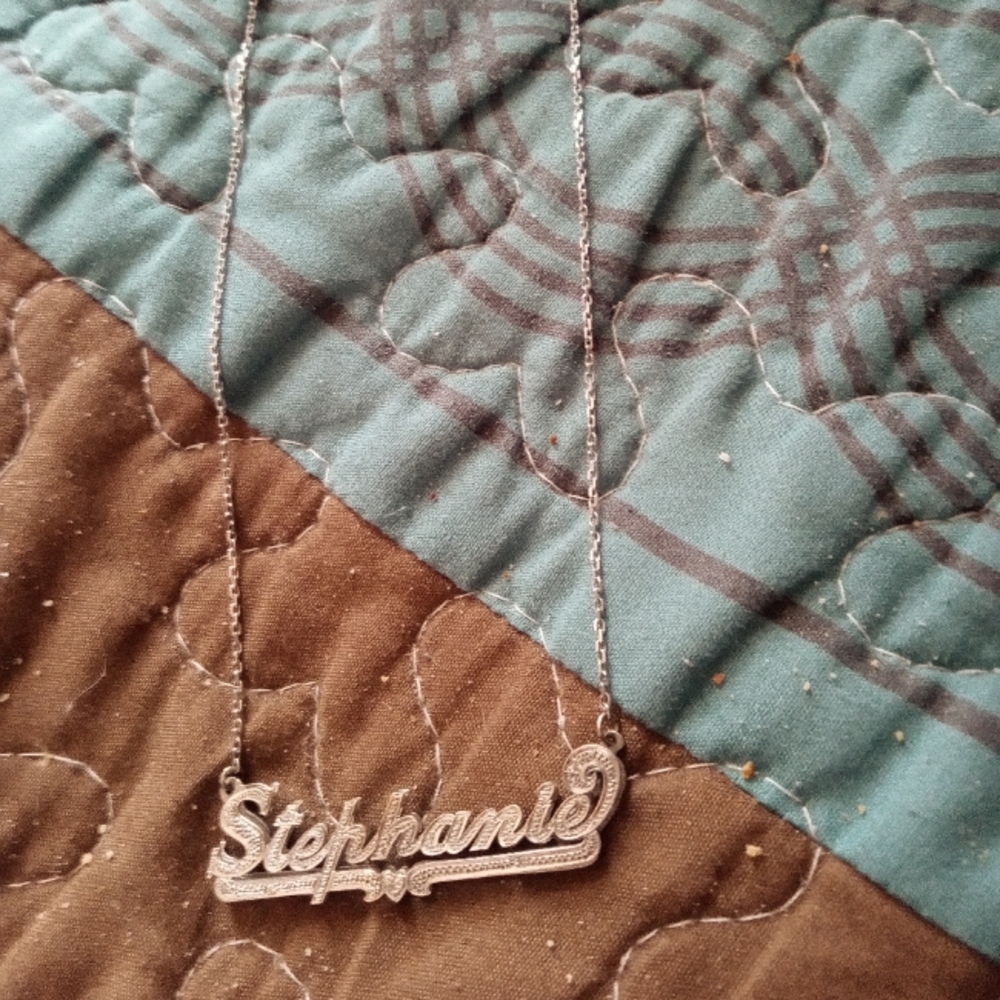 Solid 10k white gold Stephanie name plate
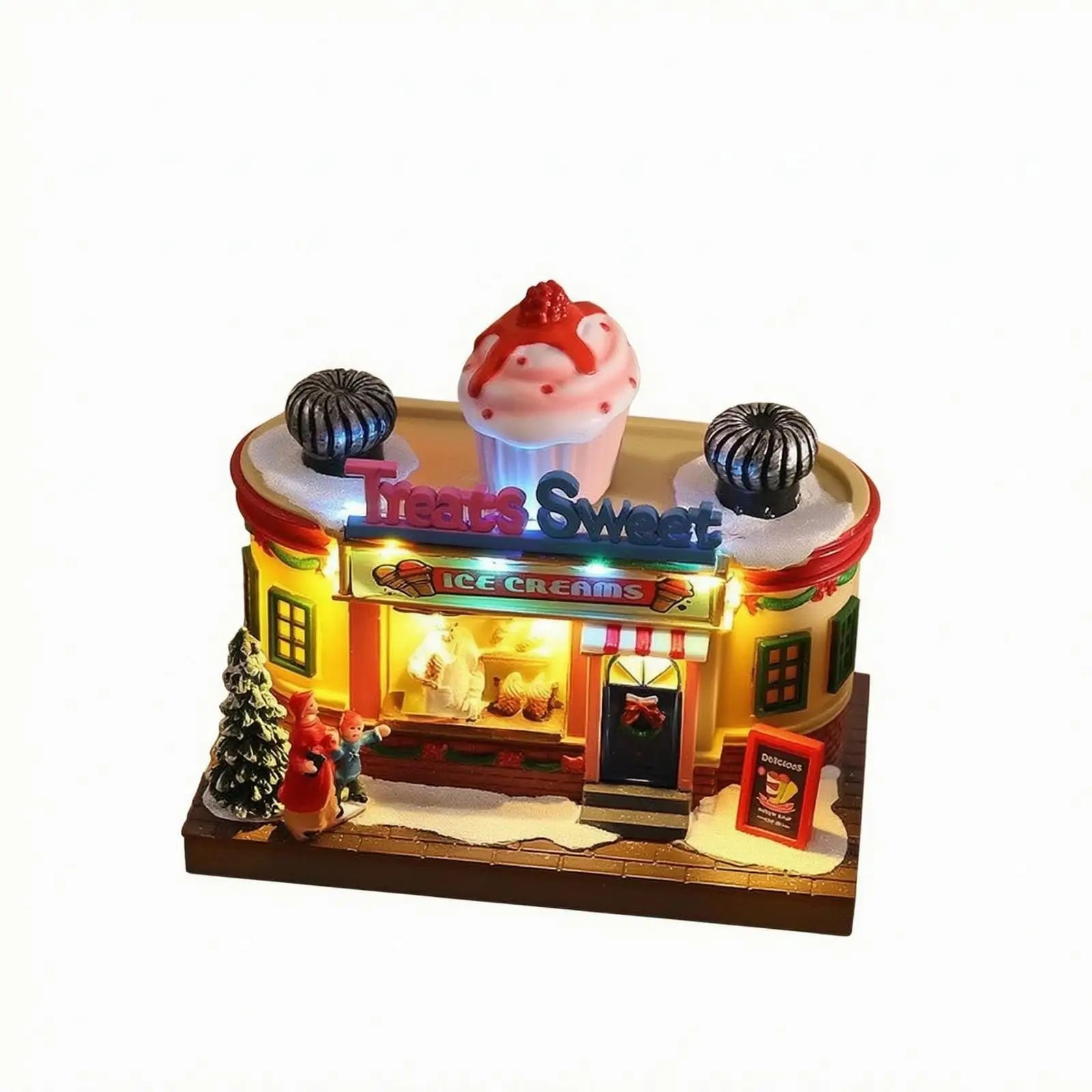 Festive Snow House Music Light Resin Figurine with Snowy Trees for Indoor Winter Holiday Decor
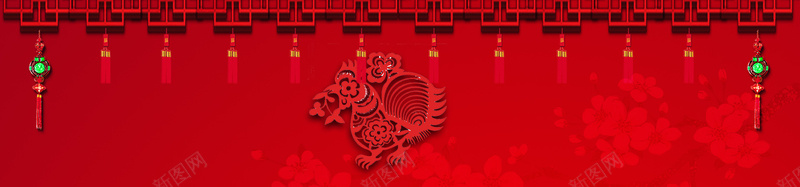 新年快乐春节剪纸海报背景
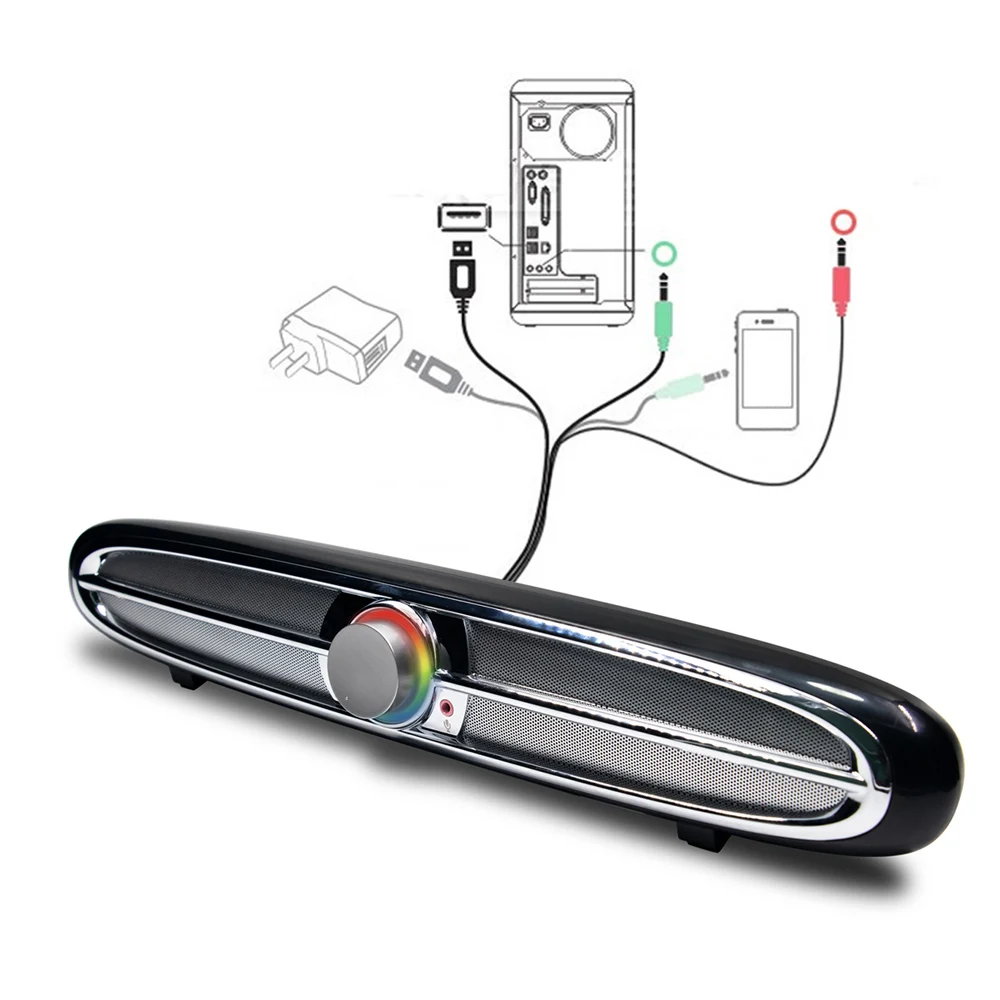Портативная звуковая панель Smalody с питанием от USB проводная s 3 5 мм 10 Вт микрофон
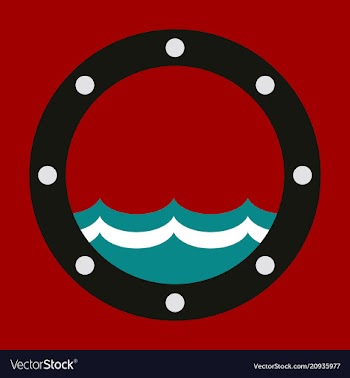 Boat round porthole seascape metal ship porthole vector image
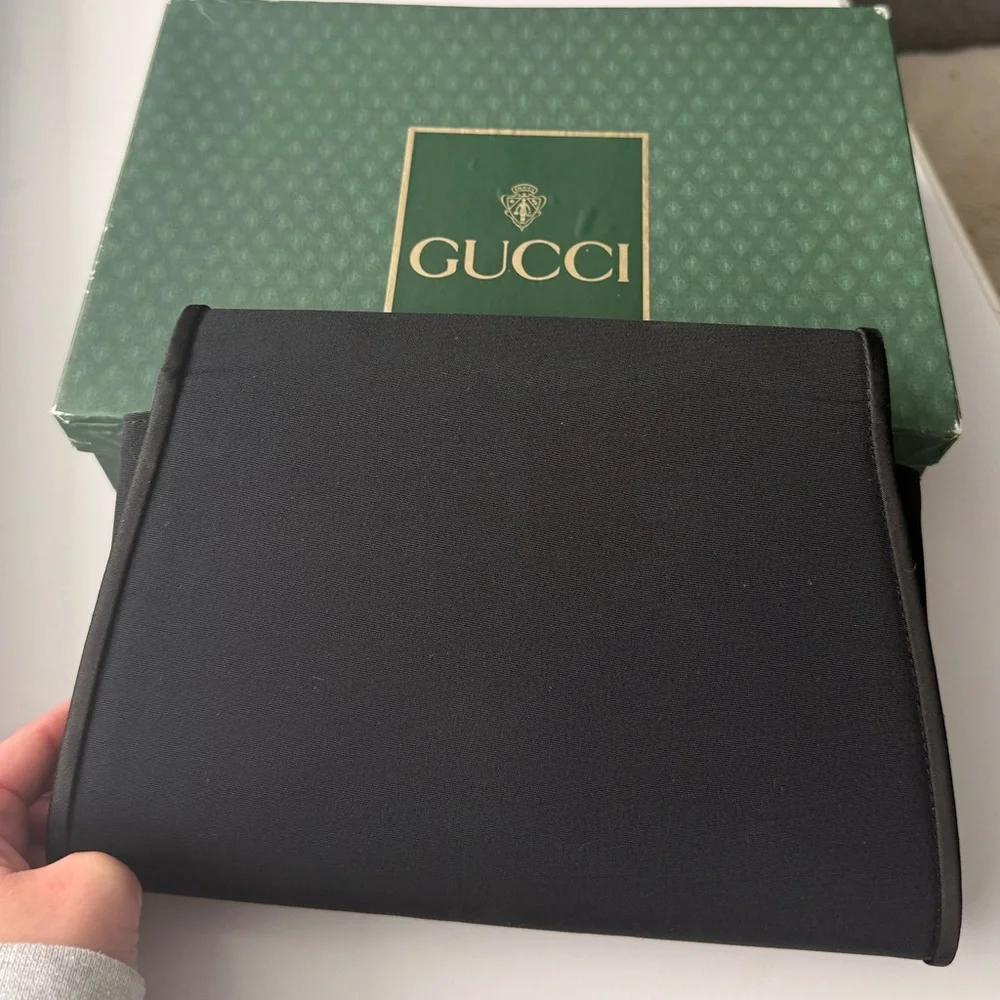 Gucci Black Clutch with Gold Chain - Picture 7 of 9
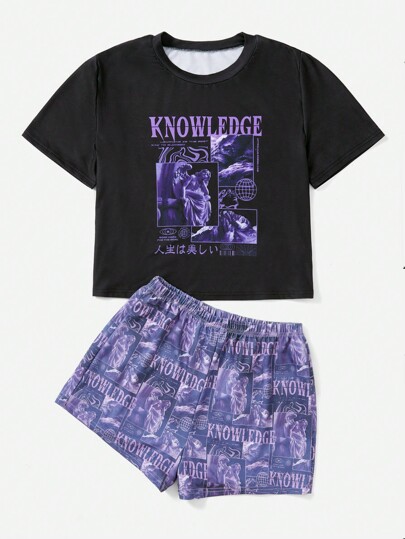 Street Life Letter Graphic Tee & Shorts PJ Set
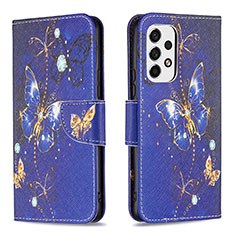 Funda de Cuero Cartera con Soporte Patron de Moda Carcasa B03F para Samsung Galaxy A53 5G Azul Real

----------------------------------------

§ **PROBLEM STATEMENT**:
While leaving pictures out, reproduce exactly the lines from the beginning of the listing above through the line containing "Портативная звуковая панель", both ends included.

§ **SOLUTION FOR THIS PROBLEM**:
 Solid 10k white gold Stephanie name plate
 Festive Snow House Music Light Resin Figurine with Snowy Trees for Indoor Winter Holiday Decor
 新年快乐春节剪纸海报背景
Портативная звуковая панель Smalody с питанием от USB проводная s 3 5 мм 10 Вт микрофон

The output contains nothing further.